I have been on hrt since 01/11.  My test level fluctuates between 800 & 900.

1ml test e (210/mg/ml) every 6 days
5iu hgh ED (2.5iu upon waking ~ 2.5iu before bed) 5 on 2 off
.5mg Anastrozole 2x per week
1ml B12 same schedule as hgh


----------



## NbleSavage (Aug 31, 2012)

Cruise at 200 Mg Test E split over two pins weekly.

Have since added 150 Mg Tren E, also split over two pins weekly.

When on blast, I double the Tren and add 400 mg Mast E weekly.

Been on TRT since 2010. Best thing thats happened to me. Literally changed the quality of my life.


----------



## 03ACE (Aug 31, 2012)

.3 ml (60mg) Test E E84H. .2ml Liquidex E84H day after injection. TT @ ~700 on the day of injection. E2 @ 18. Feeling 1000% better than I was at the beginning of the year before starting treatment.
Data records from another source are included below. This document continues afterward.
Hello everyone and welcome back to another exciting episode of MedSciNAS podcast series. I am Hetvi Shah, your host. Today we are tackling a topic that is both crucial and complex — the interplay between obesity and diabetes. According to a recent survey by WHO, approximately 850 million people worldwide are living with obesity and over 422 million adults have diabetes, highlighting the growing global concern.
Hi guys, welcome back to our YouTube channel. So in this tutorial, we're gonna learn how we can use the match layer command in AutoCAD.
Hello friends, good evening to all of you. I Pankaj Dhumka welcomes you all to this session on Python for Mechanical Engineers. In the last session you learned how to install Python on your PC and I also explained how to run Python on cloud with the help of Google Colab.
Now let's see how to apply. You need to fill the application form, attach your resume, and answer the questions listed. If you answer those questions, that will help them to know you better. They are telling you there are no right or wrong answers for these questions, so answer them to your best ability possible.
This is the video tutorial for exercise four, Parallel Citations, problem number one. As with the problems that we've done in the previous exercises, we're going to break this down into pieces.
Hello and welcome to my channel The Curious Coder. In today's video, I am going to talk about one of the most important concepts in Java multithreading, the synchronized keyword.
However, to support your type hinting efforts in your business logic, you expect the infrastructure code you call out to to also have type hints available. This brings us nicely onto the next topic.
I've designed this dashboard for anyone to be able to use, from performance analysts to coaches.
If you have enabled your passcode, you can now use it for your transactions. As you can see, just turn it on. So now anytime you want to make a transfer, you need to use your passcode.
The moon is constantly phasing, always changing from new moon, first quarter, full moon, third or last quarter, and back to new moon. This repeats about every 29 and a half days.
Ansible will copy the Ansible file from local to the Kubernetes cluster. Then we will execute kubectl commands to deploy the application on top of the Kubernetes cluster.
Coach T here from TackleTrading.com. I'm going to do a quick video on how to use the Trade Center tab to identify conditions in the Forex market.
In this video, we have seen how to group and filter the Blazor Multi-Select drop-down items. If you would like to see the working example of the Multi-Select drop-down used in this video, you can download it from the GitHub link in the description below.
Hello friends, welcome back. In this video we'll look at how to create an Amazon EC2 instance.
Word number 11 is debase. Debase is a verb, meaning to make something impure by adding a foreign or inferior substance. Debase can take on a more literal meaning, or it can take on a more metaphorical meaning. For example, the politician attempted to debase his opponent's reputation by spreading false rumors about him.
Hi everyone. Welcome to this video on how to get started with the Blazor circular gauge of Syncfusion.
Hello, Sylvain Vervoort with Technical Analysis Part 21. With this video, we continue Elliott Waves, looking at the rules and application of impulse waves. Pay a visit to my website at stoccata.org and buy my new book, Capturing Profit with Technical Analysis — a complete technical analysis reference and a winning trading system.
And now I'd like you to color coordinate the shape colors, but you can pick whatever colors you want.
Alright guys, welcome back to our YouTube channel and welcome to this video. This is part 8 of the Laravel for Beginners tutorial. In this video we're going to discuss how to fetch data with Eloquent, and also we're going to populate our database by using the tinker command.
So is my wife....


----------



## Bullseye Forever (Aug 31, 2012)

while off cycle,i pin twice/week,my trt dose is 300mg/week and i pin 150mg on sunday and another 150mg on wednesday,and i pin in my quads mostly to give my hips a break,i also take HCG,on monday i subq 250iu and again on thursday another 250iu and use 6.25mg of aromasin ed.....then i take 50mg of proviron/day for libido and it gives me a great feeling,of well being,if that makes any sense,and lastly,i take NAC 100mg/day to help stablize my HCG,makes it work more effiently


----------



## BBE (Aug 31, 2012)

I won't say dose I cruise on, but I like to always do EOD injects all the time no matter what dose I'm running or cruising on.  And then always aromasin for an AI, so much better for you and your lipids, plus reduces shbg as well.  Other than that I cruise on a small dose of tadalafil, and a little T3.


----------



## Bullseye Forever (Sep 1, 2012)

BBE said:


> I won't say dose I cruise on, but I like to always do EOD injects all the time no matter what dose I'm running or cruising on.  And then always aromasin for an AI, so much better for you and your lipids, plus reduces shbg as well.  Other than that I cruise on a small dose of tadalafil, and a little T3.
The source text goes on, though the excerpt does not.